India’s services sector has increased substantially in the post-reforms period.

  • We are ranked sixth as the biggest global exporter accounting for 3.2 percent of the global trade
  • Ninth largest importer of services accounting for 2.8 percent of the global trade in 2014.
  • Predictably, the IT/ITeS industry remains India’s biggest contributor to services export – 90 percent of these exports are directed to the US and the EU.
  • With its large English-speaking young population and robust services capabilities, India has tremendous ground to be covered.
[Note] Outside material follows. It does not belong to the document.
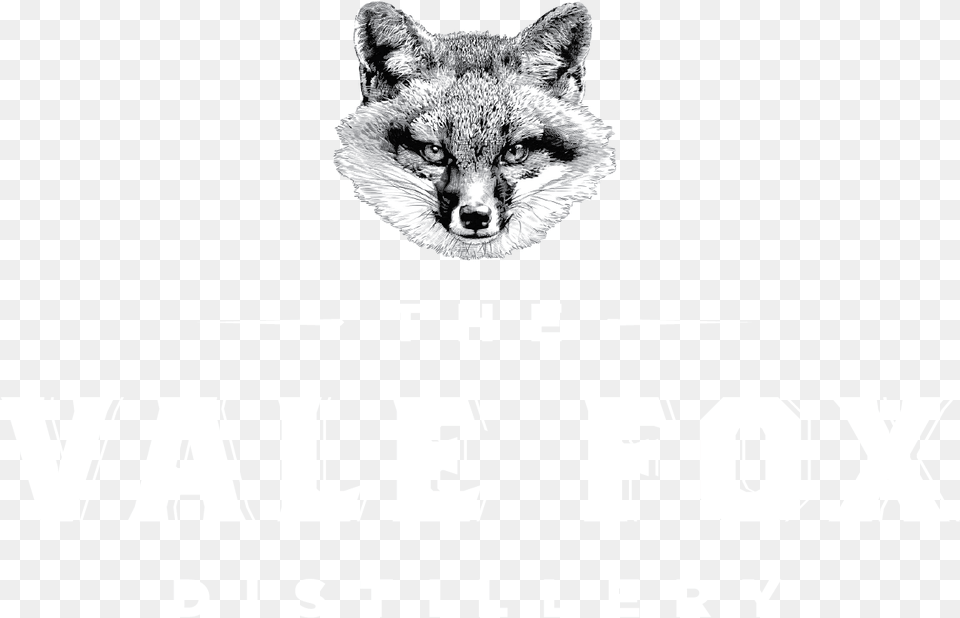 Swift Fox, Advertisement, Poster, Animal, Cat Free Transparent Png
In the times of measures by the US that have increased the fees for L-1 (L1A and L1B) and H-1B categories of non-immigrant temporary visas into the US and, measures related to numerical commitments for H-1B visas. Both H-1B and L-1 visas are temporary work visas that allow employers to hire foreign workers and increase of minimum salaries paid to the H-1B workers affects the supply services than can hamper India’s economy tremendously.


The immigration-phobic climate in the US and in the EU, especially after BrExit and the current refugee movement will make Global pact in services a challenging task for India. The western countries are already shutting their borders on short-term services providers from emerging economies.

This uphill task cut out for India in pulling forward its proposal on trade in services, it is likely to be one of the important negotiating agendas in Buenos Aires next year. India will have to expend a lot of diplomatic efforts to achieve this.